**Provided information:**

[Start of Attachment]

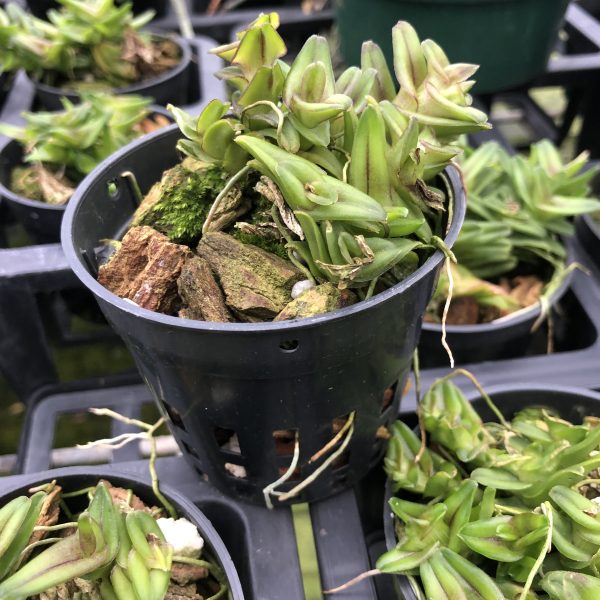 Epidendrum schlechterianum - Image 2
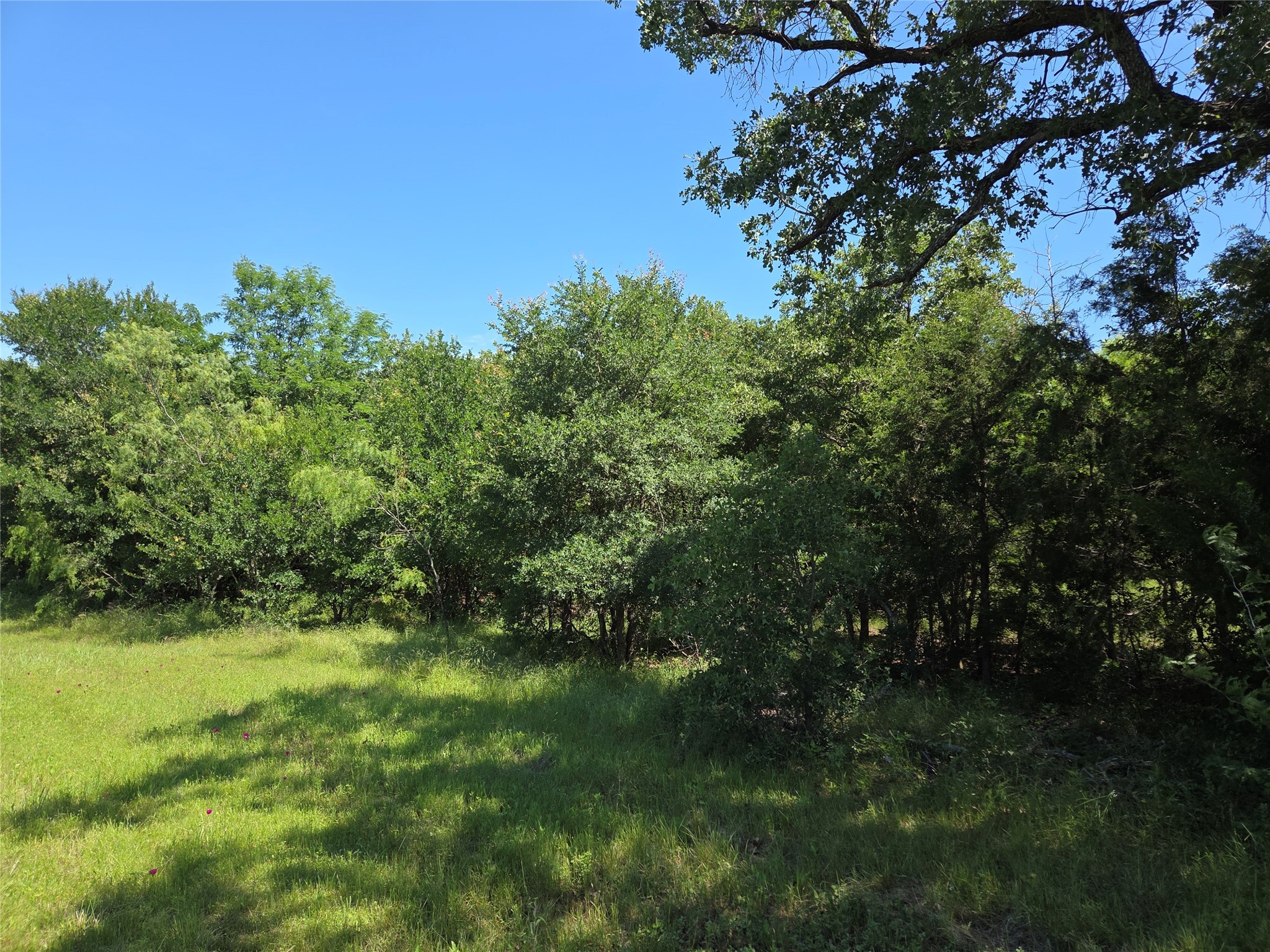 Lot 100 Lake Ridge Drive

[End of Attachment]
[Start of Attachment]

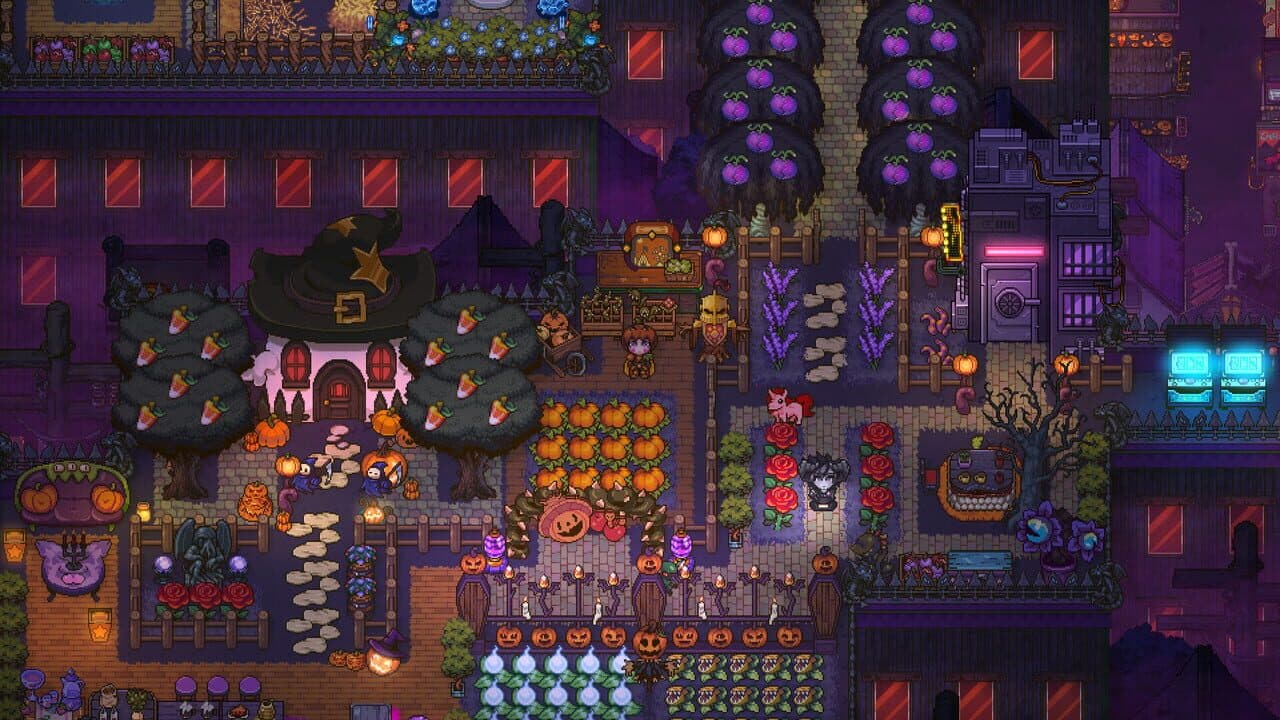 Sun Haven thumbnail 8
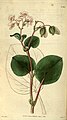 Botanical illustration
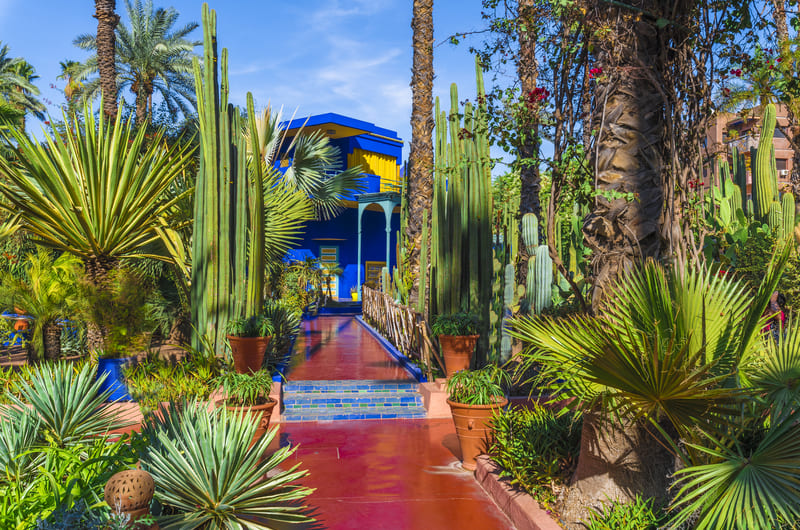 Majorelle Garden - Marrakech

[End of Attachment]

**What is being asked:**
Look above for the line with "Epidendrum schlechterianum - Image 2" and the line with "Lot 100 Lake Ridge Drive". Output those two and everything between them exactly, pictures excluded.

**Answer below:**
 Epidendrum schlechterianum - Image 2
 Lot 100 Lake Ridge Drive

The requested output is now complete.